*Directions*
Send back exactly the lines from the opening line of the records below through the one with "Pure Encapsulations CoQ10 Ingredients".

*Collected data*
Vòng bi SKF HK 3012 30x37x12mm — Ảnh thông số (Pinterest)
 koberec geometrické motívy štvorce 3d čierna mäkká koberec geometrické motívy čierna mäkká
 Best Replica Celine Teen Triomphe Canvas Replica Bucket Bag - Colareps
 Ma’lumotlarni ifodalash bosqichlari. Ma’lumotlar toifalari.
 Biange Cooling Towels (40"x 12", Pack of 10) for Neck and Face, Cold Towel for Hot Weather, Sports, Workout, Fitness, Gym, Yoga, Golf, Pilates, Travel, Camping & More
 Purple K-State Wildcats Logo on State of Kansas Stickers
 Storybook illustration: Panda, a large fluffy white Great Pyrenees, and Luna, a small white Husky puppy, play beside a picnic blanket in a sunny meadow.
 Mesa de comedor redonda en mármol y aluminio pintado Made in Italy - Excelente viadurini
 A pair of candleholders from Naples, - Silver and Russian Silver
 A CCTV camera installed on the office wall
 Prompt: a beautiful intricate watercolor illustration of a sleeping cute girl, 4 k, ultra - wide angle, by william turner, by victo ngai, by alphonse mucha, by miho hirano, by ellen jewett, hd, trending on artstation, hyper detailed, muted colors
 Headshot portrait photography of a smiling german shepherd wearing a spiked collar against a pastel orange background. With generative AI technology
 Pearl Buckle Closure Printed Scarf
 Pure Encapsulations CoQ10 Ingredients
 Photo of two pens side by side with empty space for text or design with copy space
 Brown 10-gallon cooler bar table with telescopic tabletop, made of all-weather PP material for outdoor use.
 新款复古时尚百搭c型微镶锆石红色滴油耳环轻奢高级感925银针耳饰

*Solved exercise*
Vòng bi SKF HK 3012 30x37x12mm — Ảnh thông số (Pinterest)
 koberec geometrické motívy štvorce 3d čierna mäkká koberec geometrické motívy čierna mäkká
 Best Replica Celine Teen Triomphe Canvas Replica Bucket Bag - Colareps
 Ma’lumotlarni ifodalash bosqichlari. Ma’lumotlar toifalari.
 Biange Cooling Towels (40"x 12", Pack of 10) for Neck and Face, Cold Towel for Hot Weather, Sports, Workout, Fitness, Gym, Yoga, Golf, Pilates, Travel, Camping & More
 Purple K-State Wildcats Logo on State of Kansas Stickers
 Storybook illustration: Panda, a large fluffy white Great Pyrenees, and Luna, a small white Husky puppy, play beside a picnic blanket in a sunny meadow.
 Mesa de comedor redonda en mármol y aluminio pintado Made in Italy - Excelente viadurini
 A pair of candleholders from Naples, - Silver and Russian Silver
 A CCTV camera installed on the office wall
 Prompt: a beautiful intricate watercolor illustration of a sleeping cute girl, 4 k, ultra - wide angle, by william turner, by victo ngai, by alphonse mucha, by miho hirano, by ellen jewett, hd, trending on artstation, hyper detailed, muted colors
 Headshot portrait photography of a smiling german shepherd wearing a spiked collar against a pastel orange background. With generative AI technology
 Pearl Buckle Closure Printed Scarf
 Pure Encapsulations CoQ10 Ingredients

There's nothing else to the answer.